Adenocarcinoma (ADC) and squamous cell carcinoma (SCC) are the most prevalent histological types among lung cancers. Distinguishing between these subtypes is critically important because they have different implications for prognosis and treatment. Normally, histopathological analyses are used to distinguish between the two, where the tissue samples are collected based on small endoscopic samples or needle aspirations. However, the lack of cell architecture in these small tissue samples hampers the process of distinguishing between the two subtypes. Molecular profiling can also be used to discriminate between the two lung cancer subtypes, on condition that the biopsy is composed of at least 50 % of tumor cells. However, for some cases, the tissue composition of a biopsy might be a mix of tumor and tumor-adjacent histologically normal tissue (TAHN). When this happens, a new biopsy is required, with associated cost, risks and discomfort to the patient. To avoid this problem, we hypothesize that a computational method can distinguish between lung cancer subtypes given tumor and TAHN tissue.
Using publicly available datasets for gene expression and DNA methylation, we applied four classification tasks, depending on the possible combinations of tumor and TAHN tissue. First, we used a feature selector (ReliefF/Limma) to select relevant variables, which were then used to build a simple naïve Bayes classification model. Then, we evaluated the classification performance of our models by measuring the area under the receiver operating characteristic curve (AUC). Finally, we analyzed the relevance of the selected genes using hierarchical clustering and IPA® software for gene functional analysis.
All Bayesian models achieved high classification performance (AUC > 0.94), which were confirmed by hierarchical cluster analysis. From the genes selected, 25 (93 %) were found to be related to cancer (19 were associated with ADC or SCC), confirming the biological relevance of our method.
The results from this study confirm that computational methods using tumor and TAHN tissue can serve as a prognostic tool for lung cancer subtype classification. Our study complements results from other studies where TAHN tissue has been used as prognostic tool for prostate cancer. The clinical implications of this finding could greatly benefit lung cancer patients.
腺癌(ADC)和鳞状细胞癌(SCC)是肺癌中最常见的组织学类型。区分这些亚型至关重要,因为它们对预后和治疗有不同的影响。通常,组织病理学分析用于区分两者,组织样本基于小的内镜样本或针吸活检采集。然而,这些小组织样本中缺乏细胞结构阻碍了区分这两种亚型的过程。分子谱分析也可用于区分两种肺癌亚型,前提是活检样本至少由50%的肿瘤细胞组成。然而,对于某些病例,活检的组织组成可能是肿瘤组织与肿瘤相邻的组织学正常组织(TAHN)的混合。当这种情况发生时,需要重新进行活检,这会给患者带来相关费用、风险和不适。为避免这个问题,我们假设一种计算方法可以在给定肿瘤组织和TAHN组织的情况下区分肺癌亚型。

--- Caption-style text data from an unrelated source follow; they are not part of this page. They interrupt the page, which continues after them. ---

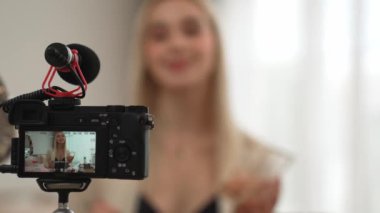Güzellik ve kozmetik öğretim videosu içeriği yapan kamera görüntüsü kadını ya da perde arkası görüntüsü. Güzellik blogcusu izleyicilere ya da sosyal medya takipçilerine güzellik hizmetinin nasıl uygulanacağını gösteriyor. Blithe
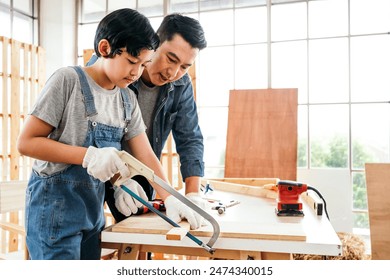 Asian father and son work as a woodworker or carpenter, Father teaches his son to saw a wooden plank with hack saw carefully together with teamwork. Craftsman carpentry working at home workshop studio - Powered by Shutterstock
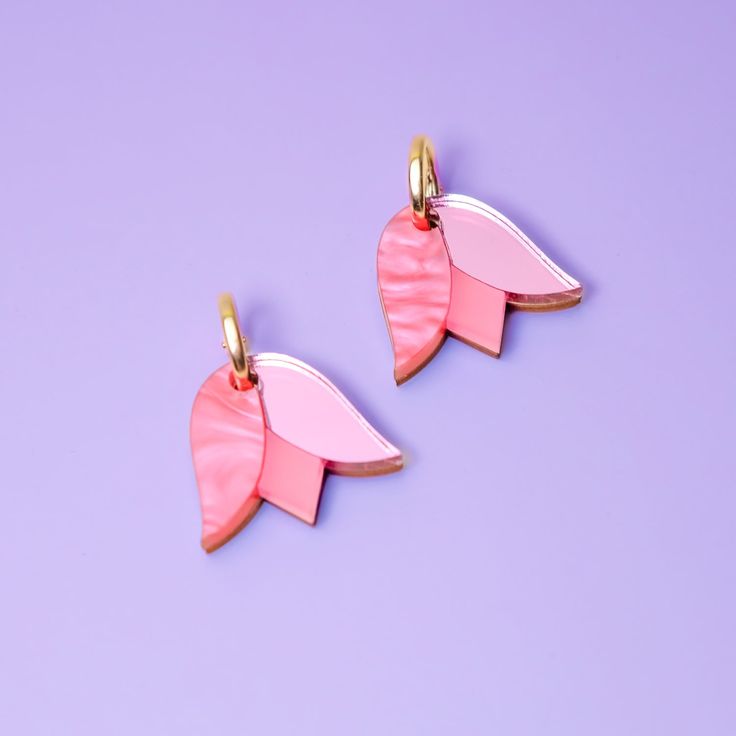 These Tulip charms add a lovely monochrome pop of color and are small and cute enough for when you want to be a little subtle. Hand-crafted from a combo of marbled, mirrored and frosted acrylic, paired with hand-stained wood. They hang from elegant 15mm gold-filled hoops and are removable so you can wear the hoops on their own—two earrings in one, perfect for travel! Hand-crafted in New York City. Gold-filled hoops are perfect for sensitive ears! Due to the hand-made nature of these pieces, your Diy Resin Earrings, Laser Engraved Earrings, Tulip Earrings, Two Earrings, Blue Charm, Hoop Charms, Frosted Acrylic, Purple Tulips, Gold Filled Hoops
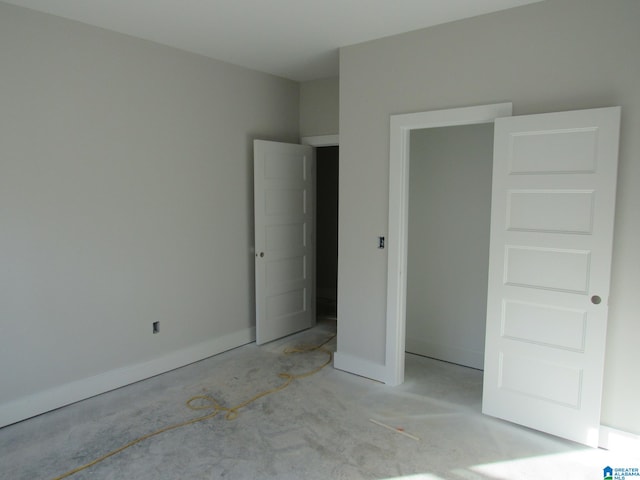 unfurnished bedroom featuring a closet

利用公开可用的基因表达和DNA甲基化数据集,根据肿瘤组织和TAHN组织的可能组合应用了四项分类任务。首先,我们使用一个特征选择器(ReliefF/Limma)来选择相关变量,然后用这些变量构建一个简单的朴素贝叶斯分类模型。然后,我们通过测量受试者工作特征曲线(AUC)下的面积来评估我们模型的分类性能。最后,我们使用层次聚类和IPA®软件进行基因功能分析,分析所选基因的相关性。
所有贝叶斯模型均取得了较高的分类性能(AUC>0.94),这通过层次聚类分析得到了证实。从所选基因中发现,25个(93%)与癌症相关(19个与ADC或SCC相关),证实了我们方法的生物学相关性。
本研究结果证实,使用肿瘤组织和TAHN组织的计算方法可作为肺癌亚型分类的预后工具。我们的研究补充了其他将TAHN组织用作前列腺癌预后工具的研究结果。这一发现的临床意义可能会使肺癌患者受益匪浅。